Finca erscheint weit untertrieben, denn Herrenhaus, Hof, Gebäude und Ländereien bilden einen großflächigen, blühenden landwirtschaftlichen Betrieb, der sich der Zucht der schwarzen Kampfstiere und spanischer Reitpferde aus einer Kreuzung von andalusischen Pferden, Arabern und Englischen Vollblütern verschrieben hat. Viele dieser Pferde werden bei den Corridas eingesetzt und müssen von daher wendig und schnell sein. Überaus herzlich der Empfang seitens der Hausherrin Isabel Domecq, die es sich nicht nehmen ließ, die Besucher persönlich zu führen. Los Alburejos befindet sich seit Generationen im Besitz der Familie, einer der ältesten und traditionsreichsten Spaniens, wohl auch einer der wohlhabendsten, zudem eng verbunden mit dem spanischen Königshaus. Zum Zeitpunkt unserer Besichtigung wurden die Gästezimmer des Herrenhauses für Altkönig Juan Carlos I. hergerichtet, dessen Besuch am Abend erwartet wurde. In beeindruckenden Erzählungen ließ Isabel Domecq die Besucher am Leben ihrer Vorfahren und ihrer Familie teilhaben. Der Großvater, Vater, die Onkel, die Brüder, bereits auch ihre Söhne sind nationale Berühmtheiten in der Stierkampfarena. Nicht ohne Emotionen berichtete sie von einem Kampf vom Vortage,  nach dem ein von ihnen gezüchteter Stier aufgrund seiner Tapferkeit und seiner überlegenen Kampftechnik vom Publikum „begnadigt“ wurde, um auf die heimatlichen Weiden zurückzukehren und sein Leben in Zukunft damit zu verbringen, für Nachwuchs zu sorgen. War dieser Besuch bereits ein richtiger Höhepunkt des Tages und der gesamten Reise, so schloss sich ein weiterer an: Die Familie Domecq lud zu einer Schau „A Campo Abierto“ ein. In einer halbkreisförmigen Arena wurden in reiterlichen Bildern das Leben und die Arbeit der andalusischen Züchter und Gutsherren nahe gebracht.

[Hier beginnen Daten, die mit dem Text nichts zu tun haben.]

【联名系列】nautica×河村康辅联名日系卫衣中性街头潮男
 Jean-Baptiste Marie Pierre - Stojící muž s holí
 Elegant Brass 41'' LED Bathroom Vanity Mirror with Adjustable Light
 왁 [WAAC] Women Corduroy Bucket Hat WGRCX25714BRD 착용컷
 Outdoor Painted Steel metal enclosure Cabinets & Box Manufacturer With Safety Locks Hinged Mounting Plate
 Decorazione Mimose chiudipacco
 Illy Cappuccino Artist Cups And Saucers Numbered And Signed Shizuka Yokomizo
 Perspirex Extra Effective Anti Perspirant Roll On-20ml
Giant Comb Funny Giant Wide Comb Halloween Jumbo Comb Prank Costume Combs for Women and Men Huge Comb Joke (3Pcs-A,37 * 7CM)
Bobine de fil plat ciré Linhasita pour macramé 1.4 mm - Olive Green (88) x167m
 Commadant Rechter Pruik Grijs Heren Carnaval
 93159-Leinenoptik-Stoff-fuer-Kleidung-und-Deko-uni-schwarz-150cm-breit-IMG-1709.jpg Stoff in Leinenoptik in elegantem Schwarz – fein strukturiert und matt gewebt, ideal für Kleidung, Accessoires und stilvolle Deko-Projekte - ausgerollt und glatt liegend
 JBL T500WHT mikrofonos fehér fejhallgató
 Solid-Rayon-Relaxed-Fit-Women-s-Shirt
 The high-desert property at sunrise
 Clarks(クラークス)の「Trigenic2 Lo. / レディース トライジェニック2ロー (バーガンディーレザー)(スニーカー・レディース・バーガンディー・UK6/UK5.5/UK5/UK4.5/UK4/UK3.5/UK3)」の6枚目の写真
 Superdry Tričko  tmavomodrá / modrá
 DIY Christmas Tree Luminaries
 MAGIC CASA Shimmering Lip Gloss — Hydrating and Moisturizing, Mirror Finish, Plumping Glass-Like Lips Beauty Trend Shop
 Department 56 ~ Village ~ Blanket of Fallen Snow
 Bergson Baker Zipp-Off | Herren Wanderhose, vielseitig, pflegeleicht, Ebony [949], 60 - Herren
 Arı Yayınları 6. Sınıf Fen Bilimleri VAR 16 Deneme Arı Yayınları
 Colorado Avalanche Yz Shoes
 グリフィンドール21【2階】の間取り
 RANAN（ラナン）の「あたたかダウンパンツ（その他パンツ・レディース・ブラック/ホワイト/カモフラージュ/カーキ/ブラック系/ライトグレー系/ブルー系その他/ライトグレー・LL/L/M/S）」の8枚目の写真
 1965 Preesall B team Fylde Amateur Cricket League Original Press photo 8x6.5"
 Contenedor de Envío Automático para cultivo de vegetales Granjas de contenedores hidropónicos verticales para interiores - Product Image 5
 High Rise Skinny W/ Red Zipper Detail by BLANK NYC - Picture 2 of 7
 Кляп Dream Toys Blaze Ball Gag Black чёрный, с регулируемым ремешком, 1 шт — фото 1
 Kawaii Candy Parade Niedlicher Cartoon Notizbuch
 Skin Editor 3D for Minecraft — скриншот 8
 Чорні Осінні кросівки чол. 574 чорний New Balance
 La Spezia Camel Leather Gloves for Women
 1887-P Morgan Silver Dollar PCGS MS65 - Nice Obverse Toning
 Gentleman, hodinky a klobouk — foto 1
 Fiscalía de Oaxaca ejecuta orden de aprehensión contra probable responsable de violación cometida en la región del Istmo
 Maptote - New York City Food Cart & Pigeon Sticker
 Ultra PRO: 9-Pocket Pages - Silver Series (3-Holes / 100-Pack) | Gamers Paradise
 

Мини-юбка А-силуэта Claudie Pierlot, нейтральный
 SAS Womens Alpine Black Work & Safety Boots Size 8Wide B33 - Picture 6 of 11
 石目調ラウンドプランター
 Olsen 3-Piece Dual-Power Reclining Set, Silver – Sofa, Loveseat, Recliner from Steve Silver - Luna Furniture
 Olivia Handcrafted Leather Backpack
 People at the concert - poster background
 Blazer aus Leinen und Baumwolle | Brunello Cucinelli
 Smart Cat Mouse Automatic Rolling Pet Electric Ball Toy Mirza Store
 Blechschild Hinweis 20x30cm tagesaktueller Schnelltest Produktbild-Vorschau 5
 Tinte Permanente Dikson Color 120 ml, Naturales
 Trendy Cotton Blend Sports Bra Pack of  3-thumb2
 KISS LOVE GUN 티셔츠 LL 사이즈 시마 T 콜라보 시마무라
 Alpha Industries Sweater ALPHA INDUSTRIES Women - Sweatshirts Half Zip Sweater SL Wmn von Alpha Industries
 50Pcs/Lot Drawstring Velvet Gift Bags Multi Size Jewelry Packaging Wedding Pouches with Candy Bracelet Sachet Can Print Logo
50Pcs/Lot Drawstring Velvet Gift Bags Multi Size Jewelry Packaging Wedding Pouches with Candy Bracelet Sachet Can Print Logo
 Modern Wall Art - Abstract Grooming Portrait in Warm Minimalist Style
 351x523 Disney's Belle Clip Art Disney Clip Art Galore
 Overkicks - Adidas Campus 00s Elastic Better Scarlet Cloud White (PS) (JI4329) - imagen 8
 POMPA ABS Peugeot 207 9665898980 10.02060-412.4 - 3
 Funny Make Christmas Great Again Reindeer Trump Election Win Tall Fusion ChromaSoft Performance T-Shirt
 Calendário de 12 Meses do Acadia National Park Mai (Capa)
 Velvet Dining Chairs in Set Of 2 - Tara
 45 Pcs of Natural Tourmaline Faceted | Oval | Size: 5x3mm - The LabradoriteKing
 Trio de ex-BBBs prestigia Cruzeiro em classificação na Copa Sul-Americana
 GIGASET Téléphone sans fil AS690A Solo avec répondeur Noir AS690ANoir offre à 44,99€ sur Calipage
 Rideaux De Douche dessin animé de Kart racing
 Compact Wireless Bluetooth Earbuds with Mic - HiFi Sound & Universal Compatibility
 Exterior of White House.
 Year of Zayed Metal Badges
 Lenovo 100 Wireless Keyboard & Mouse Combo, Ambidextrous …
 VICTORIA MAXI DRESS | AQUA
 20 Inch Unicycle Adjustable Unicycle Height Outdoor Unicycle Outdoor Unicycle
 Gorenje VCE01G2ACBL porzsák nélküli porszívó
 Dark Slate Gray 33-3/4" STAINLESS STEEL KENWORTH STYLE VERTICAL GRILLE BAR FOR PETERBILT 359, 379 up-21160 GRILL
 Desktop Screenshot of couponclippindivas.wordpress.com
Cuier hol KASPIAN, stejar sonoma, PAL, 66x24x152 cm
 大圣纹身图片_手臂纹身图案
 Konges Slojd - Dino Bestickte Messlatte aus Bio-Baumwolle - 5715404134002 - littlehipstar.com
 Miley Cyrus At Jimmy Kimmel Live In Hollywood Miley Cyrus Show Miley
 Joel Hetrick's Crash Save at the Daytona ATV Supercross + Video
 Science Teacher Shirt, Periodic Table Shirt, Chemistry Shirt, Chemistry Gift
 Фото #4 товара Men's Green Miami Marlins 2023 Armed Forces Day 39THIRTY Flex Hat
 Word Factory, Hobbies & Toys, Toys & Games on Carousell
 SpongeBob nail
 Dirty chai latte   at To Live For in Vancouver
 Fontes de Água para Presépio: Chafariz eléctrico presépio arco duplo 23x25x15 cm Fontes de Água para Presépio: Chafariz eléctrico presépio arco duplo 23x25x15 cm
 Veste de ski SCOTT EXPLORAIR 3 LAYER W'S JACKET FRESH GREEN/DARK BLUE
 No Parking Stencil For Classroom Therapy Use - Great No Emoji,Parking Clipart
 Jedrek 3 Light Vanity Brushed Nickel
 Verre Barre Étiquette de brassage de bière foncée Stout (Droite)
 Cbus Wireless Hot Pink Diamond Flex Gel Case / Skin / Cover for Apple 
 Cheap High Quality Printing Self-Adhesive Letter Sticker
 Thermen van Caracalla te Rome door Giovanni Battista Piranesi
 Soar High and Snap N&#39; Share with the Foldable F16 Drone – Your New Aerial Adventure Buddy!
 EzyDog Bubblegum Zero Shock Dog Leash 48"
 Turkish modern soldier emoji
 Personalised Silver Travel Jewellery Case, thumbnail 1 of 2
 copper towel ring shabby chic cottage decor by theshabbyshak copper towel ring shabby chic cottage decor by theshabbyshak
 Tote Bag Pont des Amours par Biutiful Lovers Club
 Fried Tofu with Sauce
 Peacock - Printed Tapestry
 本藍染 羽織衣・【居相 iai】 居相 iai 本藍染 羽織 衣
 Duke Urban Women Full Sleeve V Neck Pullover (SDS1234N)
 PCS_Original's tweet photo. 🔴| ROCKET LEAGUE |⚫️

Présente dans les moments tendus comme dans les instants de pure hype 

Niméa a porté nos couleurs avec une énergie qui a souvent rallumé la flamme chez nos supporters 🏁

Vor der Kulisse der traumhaft schönen, frühlingshaft erblühten andalusischen Landschaft trieben berittene, von ihren Hunden begleitete Rinder- und Pferdehirten die von mächtigen Ochsen geleiteten Stier-, Kuh- und Stutenherden in die Arena und vermittelten Bilder aus der täglichen Arbeit und Ausbildung. Dies alles gelang ohne Zwang oder Druck, die Tiere im gewohnten Herdenverband, zwar in Distanz aber ohne Furcht zu ihren Hirten. Auf der Rückfahrt ein kleiner Abstecher nach Arcos de la Frontera, einem der berühmtesten der legendären weißen Dörfer Andalusiens. In der Altstadt, an steil abfallender Klippe ein imposanter Ausblick in die Weite des Landes mit seinen vielen Fincas, den Weinbergen, Olivenhainen und Obstgärten.

Sevilla zum guten Schluss

Die Fahrt nach Sevilla am folgenden Morgen bei strömendem Regen, doch das Glück ist den Tapferen hold: Kaum in der uralten Stadt der Mauren und Kalifen angekommen, klarte der Himmel auf, die ausführliche Besichtigung der Altstadt mit ihren zauberhaften verwinkelten Gassen, den romantischen Innenhöfen mit ihren orientalisch anmutenden Gärten geschah bei strahlendem Sonnenschein. Schließlich ließ der Zeitplan auch noch den Besuch der Kathedrale und des Grabes von Christoph Kolumbus zu.

Es war eine faszinierende Reise, darüber waren sich alle Teilnehmer einig. Andalusien, seine Pferde, seine Menschen, seine Kultur und Geschichte nahmen gefangen und hinterließen zahlreiche unvergessliche Eindrücke.